とりあえず家族と親しい友人にBATICを知ってるか聞いてみた。
せっかく資格試験を受けるので家族と親しい友人の計6人からBATICを知ってるか聞いてみました。
知っている・知らない以前の問題でした。BATICを「バティック」と正しく読める人はいませんでした。
「べーティック」、「バチック」、「バトイック」などいろんな間違いをされました。
私の家族と親しい友人6名の中でBATIC知名度はゼロ。全滅でした。
ちなみにBATICでは国際会計基準であるIFRS(イファース)を採用した試験です。
こちらの読み方も見事に全滅。「アイエフアールエス」、「イフラス」、「イフアールズ」…
たしかにイファースの読み方は難しいです。(もちろん私自身も最初は読めませんでした)

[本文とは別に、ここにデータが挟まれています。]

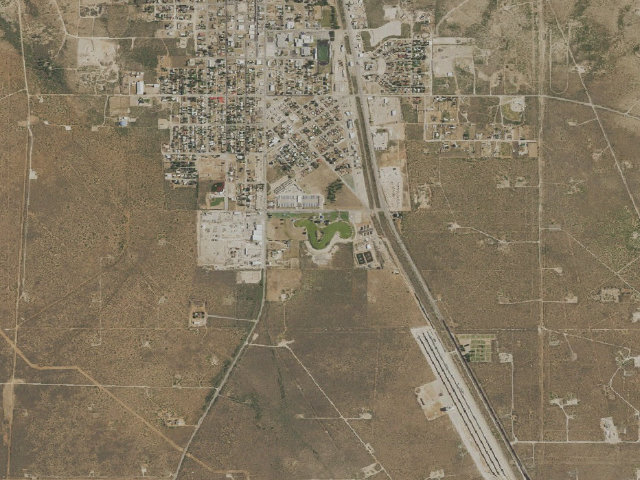 Aerial image of Jal Lake Park RV Area (Jal)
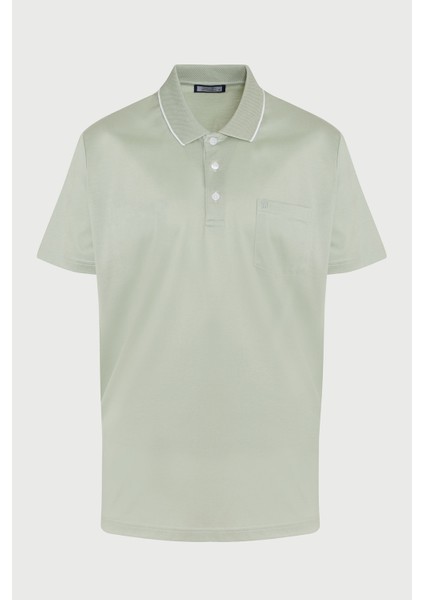 Erkek Çağla Regular Fit Merserize %100 Pamuk Polo Yaka Tişört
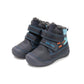 Ghete Barefoot îmblănit- ,,The Blue Crocodile'' (21,23) Water repellence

BATICは知名度の前に、読み方すらわからない資格なのです…
同じ会社の経理の先輩なら当然知ってる?
経理歴10年以上のベテラン経理マンの先輩社員にもBAtICについて聞いてみました。
この先輩は8年前に日商簿記2級は取得済でそこから経理の勉強はしているものの、現在は特に資格取得はしていない様子。
まさかの経理の道10年以上の大先輩ですらBATICを知りませんでした。
これはショッキングすぎるBATICの知名度の低さ…ちなみに国際会計基準のIFRSについては知っていました。
名前は知っている程度で、国際会計基準と日本会計基準の具体的な違いまではよくわかっていないようでした。
人材会社勤務の友人にBATICについて聞いてみた。
今度は大手人材会社に勤める友人にBATICについて聞きました。
転職者と企業を繋ぐ人材会社であれば資格の知識も人一倍強いはず。
かなり期待していたのですが、残念ながらBATICが英文会計の資格ということは理解していませんでした。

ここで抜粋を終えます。